Insurable interest. What may be Insured?

And first, in Marine Insurance.

a. Subject matter insured and description thereof.

The subject matter insured must distinctly appear in the policy, and, as a general rule, the claim for indemnity upon loss is limited to the property therein described.

The assured must have a lawful, real, and pecuniary interest in the property insured, at the time of the loss, to entitle him to recover upon his policy.

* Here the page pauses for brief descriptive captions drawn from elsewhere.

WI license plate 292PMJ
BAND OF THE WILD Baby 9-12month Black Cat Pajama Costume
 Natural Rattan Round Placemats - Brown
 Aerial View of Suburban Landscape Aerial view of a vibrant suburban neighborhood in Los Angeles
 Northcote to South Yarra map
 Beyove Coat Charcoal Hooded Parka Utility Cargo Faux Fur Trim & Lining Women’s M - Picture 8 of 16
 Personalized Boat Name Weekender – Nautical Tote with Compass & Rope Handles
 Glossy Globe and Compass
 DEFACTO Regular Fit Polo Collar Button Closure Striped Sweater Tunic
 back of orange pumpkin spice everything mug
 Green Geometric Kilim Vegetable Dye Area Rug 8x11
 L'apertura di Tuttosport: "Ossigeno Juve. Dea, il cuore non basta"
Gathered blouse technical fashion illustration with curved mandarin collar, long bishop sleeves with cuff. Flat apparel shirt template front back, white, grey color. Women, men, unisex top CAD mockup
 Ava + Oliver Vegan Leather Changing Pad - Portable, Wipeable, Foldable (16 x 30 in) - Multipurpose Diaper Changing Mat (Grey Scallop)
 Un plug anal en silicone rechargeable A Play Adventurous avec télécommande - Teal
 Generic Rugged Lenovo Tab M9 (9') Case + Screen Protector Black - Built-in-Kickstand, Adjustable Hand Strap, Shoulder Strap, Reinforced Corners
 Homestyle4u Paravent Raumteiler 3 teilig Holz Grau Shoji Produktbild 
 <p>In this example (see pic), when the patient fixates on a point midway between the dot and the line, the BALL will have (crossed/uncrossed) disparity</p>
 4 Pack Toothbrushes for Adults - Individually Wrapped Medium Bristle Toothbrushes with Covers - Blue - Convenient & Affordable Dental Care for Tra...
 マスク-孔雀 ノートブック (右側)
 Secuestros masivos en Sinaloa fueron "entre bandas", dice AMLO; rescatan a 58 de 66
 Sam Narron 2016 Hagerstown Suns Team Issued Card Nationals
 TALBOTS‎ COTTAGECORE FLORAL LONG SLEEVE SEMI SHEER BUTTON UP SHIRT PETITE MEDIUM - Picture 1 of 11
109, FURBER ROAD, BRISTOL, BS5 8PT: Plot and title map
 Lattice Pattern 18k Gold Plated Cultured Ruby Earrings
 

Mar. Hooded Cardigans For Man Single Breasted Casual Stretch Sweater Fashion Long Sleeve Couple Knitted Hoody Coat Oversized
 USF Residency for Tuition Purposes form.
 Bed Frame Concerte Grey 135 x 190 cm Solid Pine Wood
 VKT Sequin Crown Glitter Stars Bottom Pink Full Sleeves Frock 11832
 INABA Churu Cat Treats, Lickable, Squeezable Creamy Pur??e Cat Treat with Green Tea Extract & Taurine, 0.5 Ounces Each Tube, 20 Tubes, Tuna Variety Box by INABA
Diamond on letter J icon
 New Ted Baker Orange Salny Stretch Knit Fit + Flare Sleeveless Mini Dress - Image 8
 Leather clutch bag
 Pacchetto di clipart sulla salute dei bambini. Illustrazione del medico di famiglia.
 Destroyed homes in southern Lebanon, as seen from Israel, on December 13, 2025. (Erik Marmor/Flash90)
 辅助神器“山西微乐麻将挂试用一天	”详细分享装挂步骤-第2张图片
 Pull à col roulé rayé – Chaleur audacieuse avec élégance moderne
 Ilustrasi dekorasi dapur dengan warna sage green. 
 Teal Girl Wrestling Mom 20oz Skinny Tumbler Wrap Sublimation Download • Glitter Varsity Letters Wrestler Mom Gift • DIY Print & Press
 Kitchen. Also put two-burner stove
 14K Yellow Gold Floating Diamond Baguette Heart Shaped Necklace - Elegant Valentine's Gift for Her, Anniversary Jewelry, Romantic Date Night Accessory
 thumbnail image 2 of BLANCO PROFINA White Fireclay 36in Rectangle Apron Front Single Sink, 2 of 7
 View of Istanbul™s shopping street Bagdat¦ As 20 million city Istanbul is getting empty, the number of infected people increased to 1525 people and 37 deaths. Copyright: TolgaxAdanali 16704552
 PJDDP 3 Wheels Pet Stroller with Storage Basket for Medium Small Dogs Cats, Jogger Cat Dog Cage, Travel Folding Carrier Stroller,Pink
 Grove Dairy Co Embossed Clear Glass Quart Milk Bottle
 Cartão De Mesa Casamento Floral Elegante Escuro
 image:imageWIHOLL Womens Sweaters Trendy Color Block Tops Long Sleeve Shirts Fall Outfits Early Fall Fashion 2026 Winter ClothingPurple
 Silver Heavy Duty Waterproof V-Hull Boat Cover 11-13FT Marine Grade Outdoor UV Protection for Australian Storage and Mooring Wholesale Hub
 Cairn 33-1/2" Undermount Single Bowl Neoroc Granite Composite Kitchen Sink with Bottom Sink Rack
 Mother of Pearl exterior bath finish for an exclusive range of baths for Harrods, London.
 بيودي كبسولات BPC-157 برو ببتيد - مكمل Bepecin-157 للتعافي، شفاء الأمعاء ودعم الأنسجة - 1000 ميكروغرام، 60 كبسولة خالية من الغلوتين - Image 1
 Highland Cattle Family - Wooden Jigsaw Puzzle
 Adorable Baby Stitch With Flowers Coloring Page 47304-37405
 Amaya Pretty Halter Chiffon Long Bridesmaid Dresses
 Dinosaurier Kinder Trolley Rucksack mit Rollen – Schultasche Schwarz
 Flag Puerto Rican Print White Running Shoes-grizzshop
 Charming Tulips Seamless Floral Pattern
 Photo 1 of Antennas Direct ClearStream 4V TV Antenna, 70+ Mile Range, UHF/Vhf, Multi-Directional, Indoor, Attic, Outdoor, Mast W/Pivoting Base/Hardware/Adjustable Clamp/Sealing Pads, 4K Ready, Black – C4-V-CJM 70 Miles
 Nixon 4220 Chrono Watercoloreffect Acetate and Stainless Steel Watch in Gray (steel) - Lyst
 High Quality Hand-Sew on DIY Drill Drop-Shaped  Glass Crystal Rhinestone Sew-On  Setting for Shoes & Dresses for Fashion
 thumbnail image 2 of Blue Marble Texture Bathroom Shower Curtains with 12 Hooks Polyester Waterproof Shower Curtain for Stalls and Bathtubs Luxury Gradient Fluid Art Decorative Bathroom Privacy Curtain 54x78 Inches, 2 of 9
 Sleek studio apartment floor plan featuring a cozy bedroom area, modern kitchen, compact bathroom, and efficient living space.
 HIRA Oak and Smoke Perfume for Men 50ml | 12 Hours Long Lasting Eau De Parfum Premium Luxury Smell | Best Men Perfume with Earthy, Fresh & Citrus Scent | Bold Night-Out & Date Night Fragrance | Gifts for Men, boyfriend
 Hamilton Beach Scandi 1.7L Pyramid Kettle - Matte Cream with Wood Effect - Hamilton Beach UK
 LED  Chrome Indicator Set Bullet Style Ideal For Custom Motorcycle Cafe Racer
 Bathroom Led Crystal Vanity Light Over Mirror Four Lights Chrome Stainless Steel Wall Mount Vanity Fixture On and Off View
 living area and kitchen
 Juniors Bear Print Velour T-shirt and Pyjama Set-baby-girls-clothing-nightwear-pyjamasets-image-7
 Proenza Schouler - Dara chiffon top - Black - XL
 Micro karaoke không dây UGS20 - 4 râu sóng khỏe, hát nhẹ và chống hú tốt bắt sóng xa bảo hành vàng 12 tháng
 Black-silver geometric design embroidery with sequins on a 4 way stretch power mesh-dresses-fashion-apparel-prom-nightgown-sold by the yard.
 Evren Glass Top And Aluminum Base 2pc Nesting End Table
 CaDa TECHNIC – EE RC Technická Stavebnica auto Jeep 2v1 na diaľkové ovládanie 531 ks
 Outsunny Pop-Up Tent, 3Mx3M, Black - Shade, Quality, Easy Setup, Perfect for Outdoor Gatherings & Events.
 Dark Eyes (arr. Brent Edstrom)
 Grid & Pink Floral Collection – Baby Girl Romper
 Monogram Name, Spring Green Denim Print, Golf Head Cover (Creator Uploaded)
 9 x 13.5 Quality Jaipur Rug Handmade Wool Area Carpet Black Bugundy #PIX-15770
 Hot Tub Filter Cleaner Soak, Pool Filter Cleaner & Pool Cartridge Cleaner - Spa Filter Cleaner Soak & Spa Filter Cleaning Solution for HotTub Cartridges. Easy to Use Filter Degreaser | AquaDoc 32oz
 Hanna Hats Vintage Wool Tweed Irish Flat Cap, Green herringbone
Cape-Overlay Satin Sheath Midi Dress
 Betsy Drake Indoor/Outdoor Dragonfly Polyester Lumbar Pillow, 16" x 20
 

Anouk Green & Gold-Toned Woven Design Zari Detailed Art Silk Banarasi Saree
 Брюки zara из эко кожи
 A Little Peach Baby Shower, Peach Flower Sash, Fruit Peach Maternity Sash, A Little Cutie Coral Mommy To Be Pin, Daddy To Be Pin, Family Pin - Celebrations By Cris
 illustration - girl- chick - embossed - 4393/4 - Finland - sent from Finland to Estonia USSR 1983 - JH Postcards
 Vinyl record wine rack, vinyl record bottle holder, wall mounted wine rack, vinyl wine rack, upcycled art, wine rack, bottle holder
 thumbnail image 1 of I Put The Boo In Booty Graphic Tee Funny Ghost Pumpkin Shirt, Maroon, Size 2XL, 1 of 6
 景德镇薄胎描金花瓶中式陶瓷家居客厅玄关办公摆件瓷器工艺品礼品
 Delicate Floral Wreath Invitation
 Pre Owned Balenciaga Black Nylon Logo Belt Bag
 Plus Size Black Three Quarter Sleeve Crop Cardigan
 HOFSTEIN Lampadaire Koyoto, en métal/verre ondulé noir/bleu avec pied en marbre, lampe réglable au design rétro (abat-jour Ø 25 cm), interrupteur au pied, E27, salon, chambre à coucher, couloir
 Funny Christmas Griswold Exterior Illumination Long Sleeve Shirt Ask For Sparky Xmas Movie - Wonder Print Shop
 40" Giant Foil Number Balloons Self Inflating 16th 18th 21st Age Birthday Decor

Such an interest, however, need not be a vested interest, or even an absolute and certain one, but one may insure a contingent interest, as if goods be consigned to "A" as a gift, conditioned that if "A" should die before they reach the port of destination, then they shall belong to and become the property of " B." Here it is plain that the interest of "B" is neither certain nor vested, but is entirely contingent upon the death of "A," and yet it is equally plain that "B" has an insurable interest. So, if one has contracted to purchase goods, to be shipped to him, he may insure them, and will recover, if the property be in him. at the time of the loss.

If a vessel is insured, it is like the insurance of a house, and must be confined to the ship specified, but the goods and cargo, described in the policy as being in a particular vessel, may be shifted from one ship to another, and if it is done for a sufficient reason the insurer will remain liable.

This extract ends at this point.